## Aim of the exercise
The entries that follow should come back exactly, with no pictures among them.

Records contained in a dataset
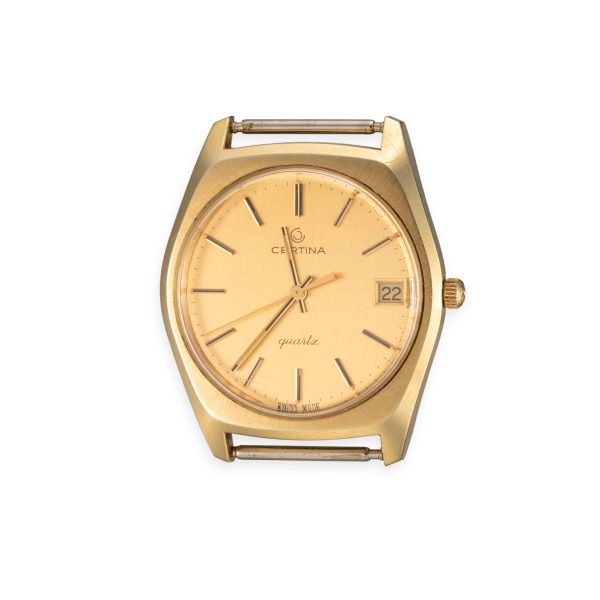 Certina armbåndsur, forgylt stål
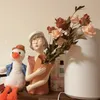현대 풍선 소녀 조각 수지 인형 흉상 꽃병 골드 트레이 보관 캐비닛 거실 장식 생일 선물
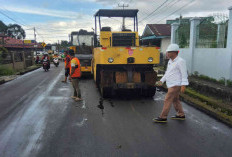 DPUPR Belitung Tinjau Pengerjaan Jalan Air Serkuk, Oscar Jelaskan Hal Ini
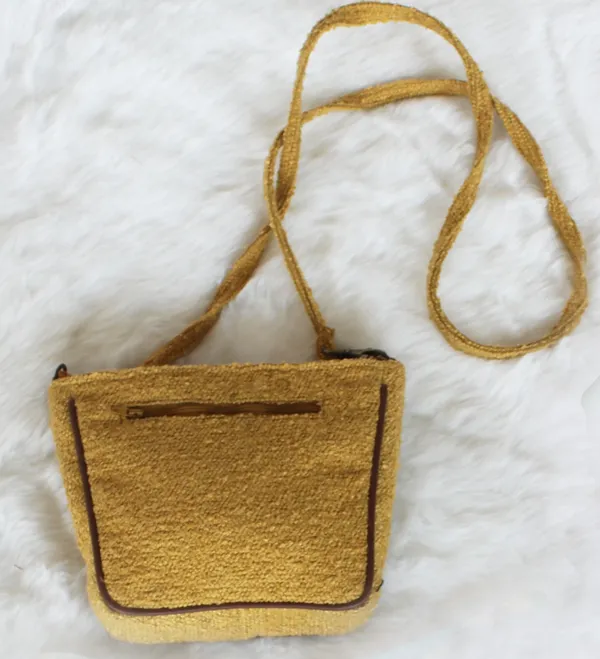 Pack_of_1_Piece_Polyester_Yellow_Delta_Boucle_Collection_Sling_Bag_for_Girl_and_Women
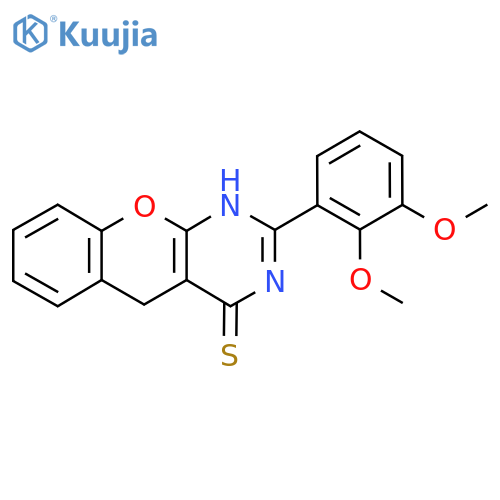 2-(2,3-dimethoxyphenyl)-3H,4H,5H-chromeno2,3-dpyrimidine-4-thione structure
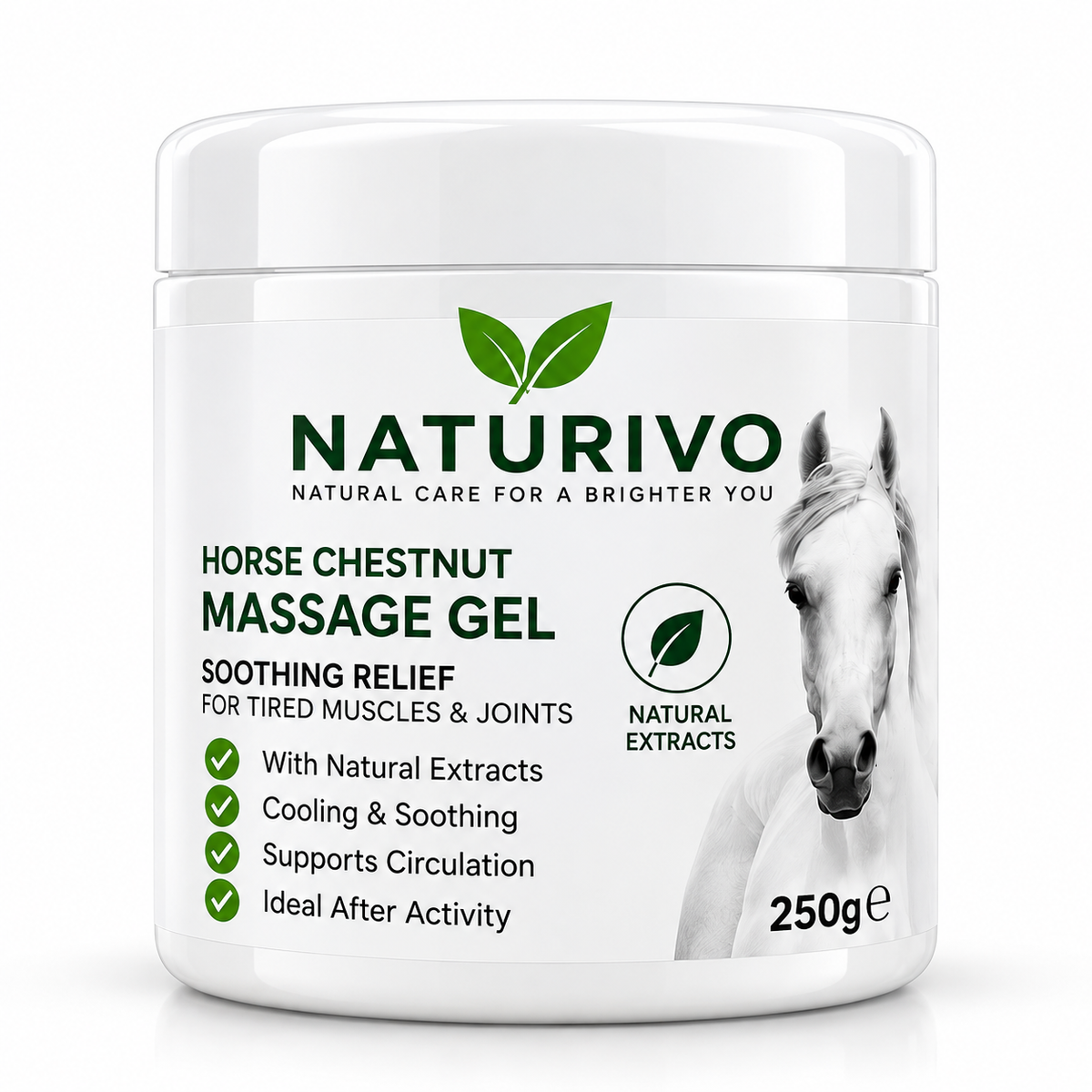 Naturivo Horse Chestnut Massage Gel – Cooling & Soothing – 250g
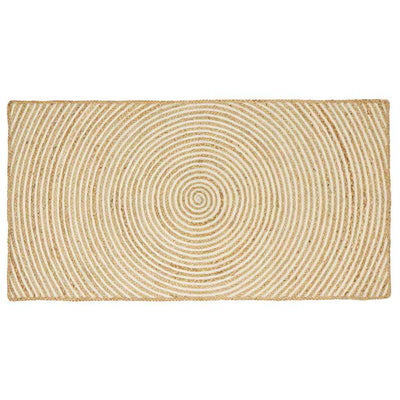 Områdetæpper Hvid 80 x 150 cm Jute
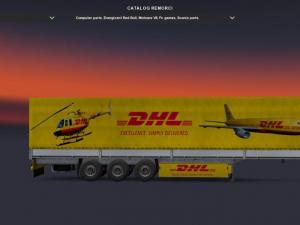 Мод Автономный прицеп «DHL» версия 1.0 для Euro Truck Simulator 2 (v1.27.x, - 1.31.x)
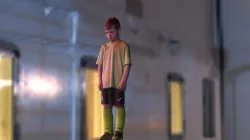 Small football player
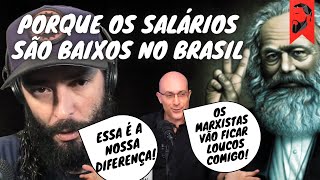 O QUE EXPLICA OS SALÁRIOS BAIXOS NO BRASIL  ANDRÉ RONCAGLIA NO FLOW NEWS [upl. by Cence]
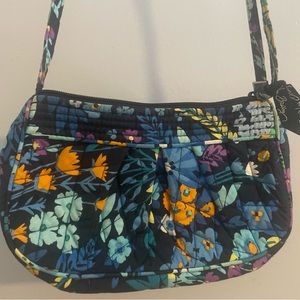 Vera Bradley flower power floral spring crossbody bag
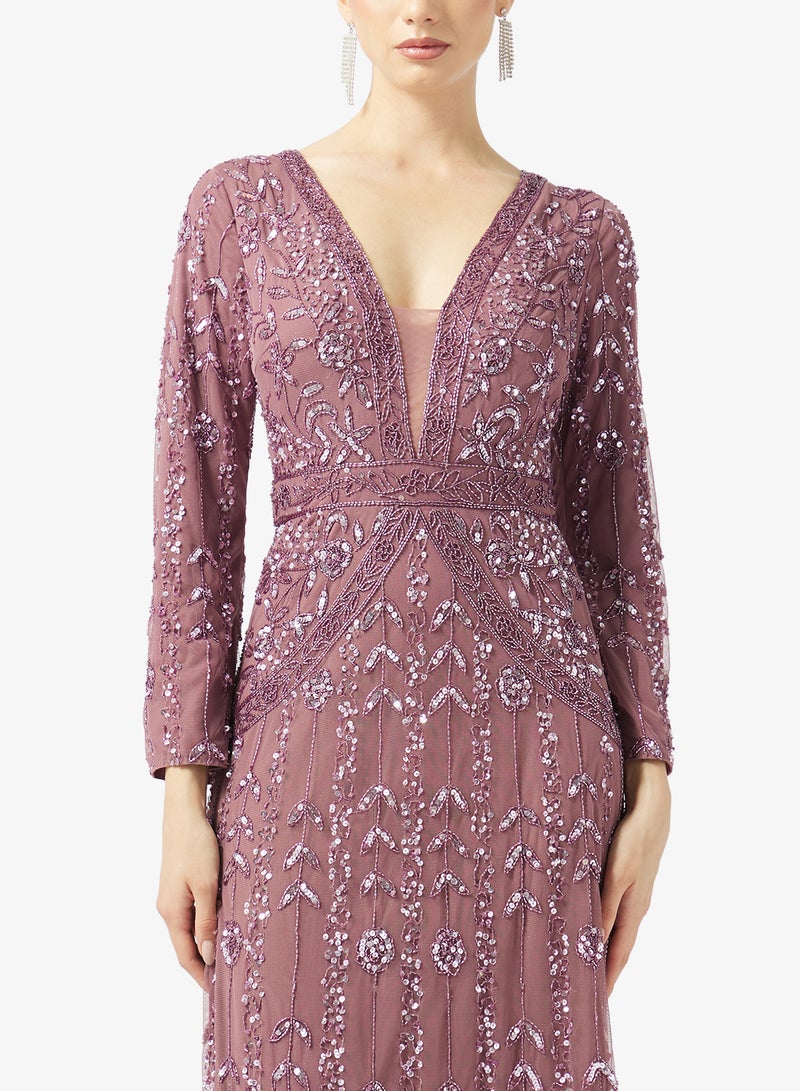 بيوت فستان ماكسي مزين بالدانتيل المفصل - Image 3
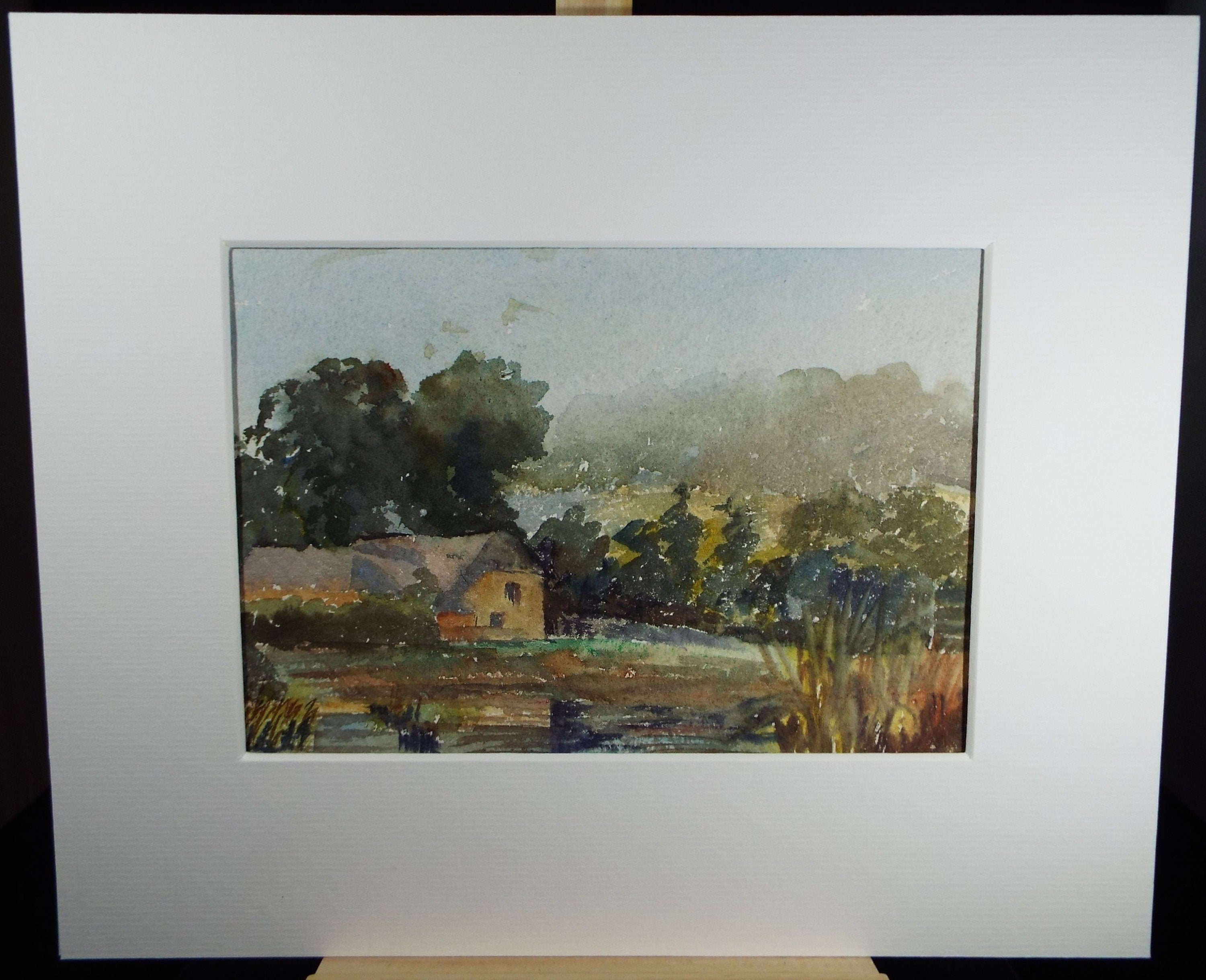 Original Watercolour on Paper, 'Honiton', early 20th Century, Artist Unknown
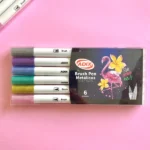 Brush Pens Metálicos Adix — Doble punta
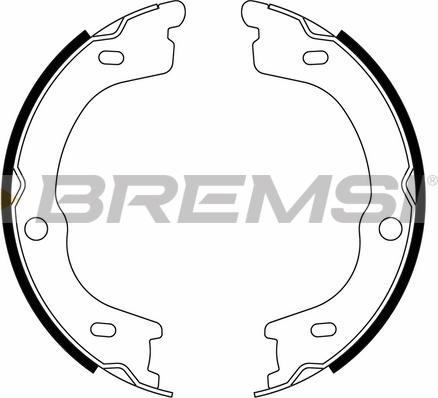 Bremsi GF0837 - Комплект гальм, ручник, парковка autocars.com.ua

## Solution to the exercise
 Certina armbåndsur, forgylt stål
현대 풍선 소녀 조각 수지 인형 흉상 꽃병 골드 트레이 보관 캐비닛 거실 장식 생일 선물
 DPUPR Belitung Tinjau Pengerjaan Jalan Air Serkuk, Oscar Jelaskan Hal Ini
 Pack_of_1_Piece_Polyester_Yellow_Delta_Boucle_Collection_Sling_Bag_for_Girl_and_Women
 2-(2,3-dimethoxyphenyl)-3H,4H,5H-chromeno2,3-dpyrimidine-4-thione structure
 Naturivo Horse Chestnut Massage Gel – Cooling & Soothing – 250g
 Områdetæpper Hvid 80 x 150 cm Jute
 Мод Автономный прицеп «DHL» версия 1.0 для Euro Truck Simulator 2 (v1.27.x, - 1.31.x)
 Small football player
 O QUE EXPLICA OS SALÁRIOS BAIXOS NO BRASIL  ANDRÉ RONCAGLIA NO FLOW NEWS [upl. by Cence]
 Vera Bradley flower power floral spring crossbody bag
 بيوت فستان ماكسي مزين بالدانتيل المفصل - Image 3
 Original Watercolour on Paper, 'Honiton', early 20th Century, Artist Unknown
 Brush Pens Metálicos Adix — Doble punta
 Bremsi GF0837 - Комплект гальм, ручник, парковка autocars.com.ua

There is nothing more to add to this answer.